Class SparseCategoricalCrossEntropyLoss<T>
- Namespace
- AiDotNet.LossFunctions
- Assembly
- AiDotNet.dll
Implements the Sparse Categorical Cross Entropy loss function for multi-class classification with integer labels.
public class SparseCategoricalCrossEntropyLoss<T> : LossFunctionBase<T>, ILossFunction<T>
Type Parameters
TThe numeric type used for calculations (e.g., float, double).
- Inheritance
-
SparseCategoricalCrossEntropyLoss<T>
- Implements
- Inherited Members
- Extension Methods
Remarks
For Beginners: Sparse Categorical Cross Entropy is similar to Categorical Cross Entropy but is used when labels are provided as class indices (0, 1, 2, ...) rather than one-hot encoded vectors.
This is more memory efficient for problems with many classes, as you only need to store the class index instead of a full one-hot encoded vector.
The formula is: SCCE = -(1/n) * Σ[log(predicted[actual_class_index])]
Where:
- actual contains the class indices (e.g., 0, 1, 2, 3 for a 4-class problem)
- predicted contains the predicted probabilities for all classes
- We extract the probability for the correct class using the index from actual
Example:
- If actual[i] = 2.0 (class index 2), and predicted has probabilities [0.1, 0.2, 0.6, 0.1], then we take predicted[2] = 0.6 and compute -log(0.6)
Key properties:
- More memory efficient than categorical cross-entropy for many-class problems
- Predicted values should be probabilities (between 0 and 1) from a softmax layer
- Actual values should be valid class indices (0 to num_classes-1)

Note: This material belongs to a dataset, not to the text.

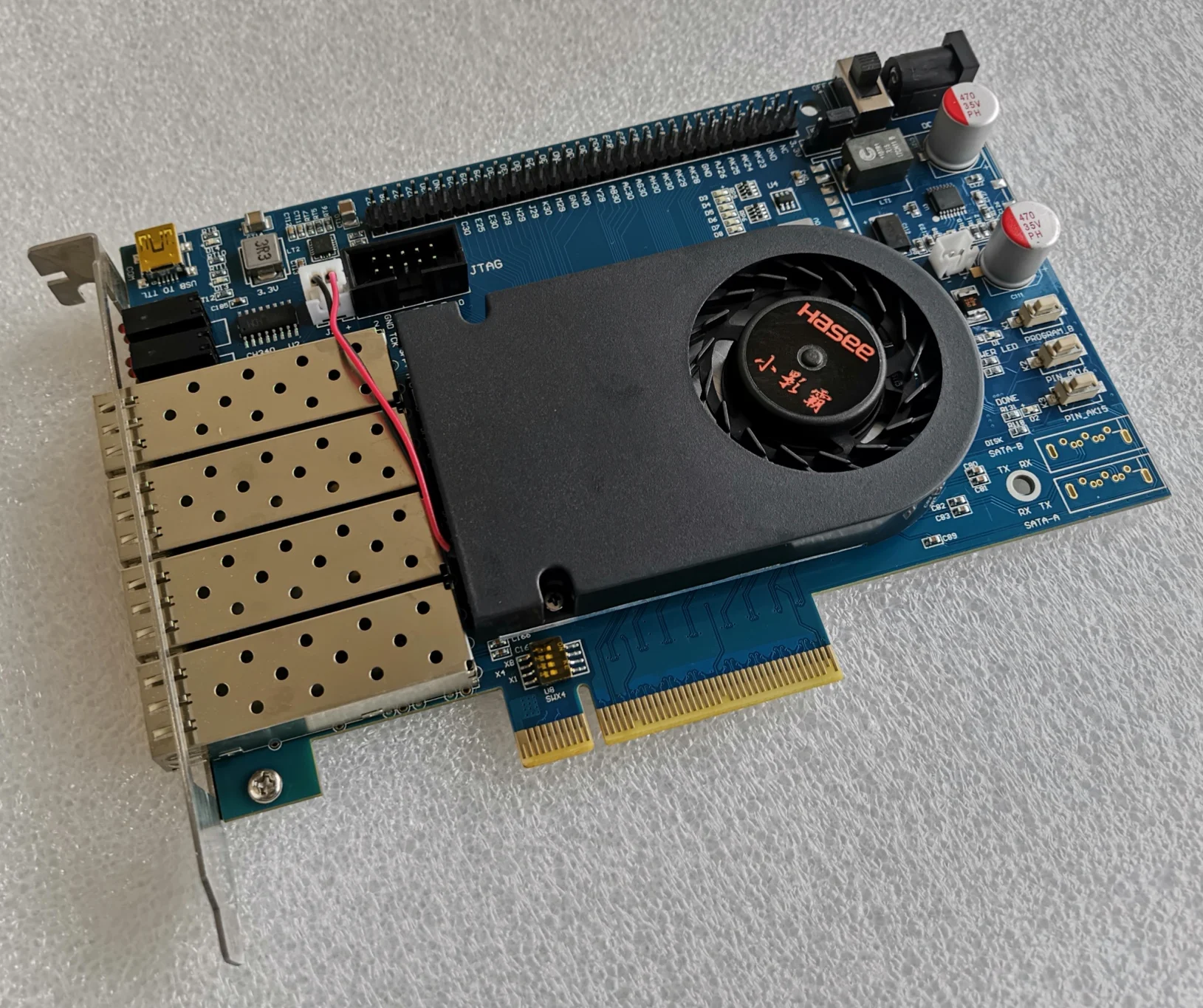 

Xilinx fpga development board xilinx pcie Kintex 7 development board XC7K420T SFP + 10 g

- Often used with the softmax activation function in neural networks
To use this loss function with the Vector interface:
- For a single sample: predicted = [p_class0, p_class1, ..., p_classN], actual = [true_class_index]
- For batches: flatten your data appropriately or process samples individually
Constructors
SparseCategoricalCrossEntropyLoss()
Initializes a new instance of the SparseCategoricalCrossEntropyLoss class.
public SparseCategoricalCrossEntropyLoss()
Methods
CalculateDerivative(Vector<T>, Vector<T>)
Calculates the derivative of the Sparse Categorical Cross Entropy loss function.
public override Vector<T> CalculateDerivative(Vector<T> predicted, Vector<T> actual)
Parameters
predictedVector<T>The predicted probability values for all classes (length = num_classes).
actualVector<T>The actual class indices as floating-point values (length = batch_size or 1 for single sample).
Returns
- Vector<T>
A vector containing the derivatives for each class probability.
Remarks
The derivative is:
- For the correct class: -1 / predicted[correct_class]
- For all other classes: 0
When used with softmax activation, this combines with the softmax derivative to produce the simplified gradient (predicted - one_hot_actual).
Exceptions
- ArgumentException
Thrown when class indices are invalid or vectors are empty.
CalculateLoss(Vector<T>, Vector<T>)
Calculates the Sparse Categorical Cross Entropy loss between predicted probabilities and class indices.
public override T CalculateLoss(Vector<T> predicted, Vector<T> actual)
Parameters
predictedVector<T>The predicted probability values for all classes (length = num_classes).
actualVector<T>The actual class indices as floating-point values (length = batch_size or 1 for single sample).
Returns
- T
The sparse categorical cross entropy loss value.
Remarks
For single-sample usage, if predicted has N classes and actual[0] = k (class index k), the loss is -log(predicted[k]).
Unlike other loss functions, predicted and actual can have different lengths:
- predicted.Length = number of classes (N)
- actual.Length = number of samples in batch (M) Each actual[i] contains the class index for sample i.
Exceptions
- ArgumentException
Thrown when class indices are invalid or vectors are empty.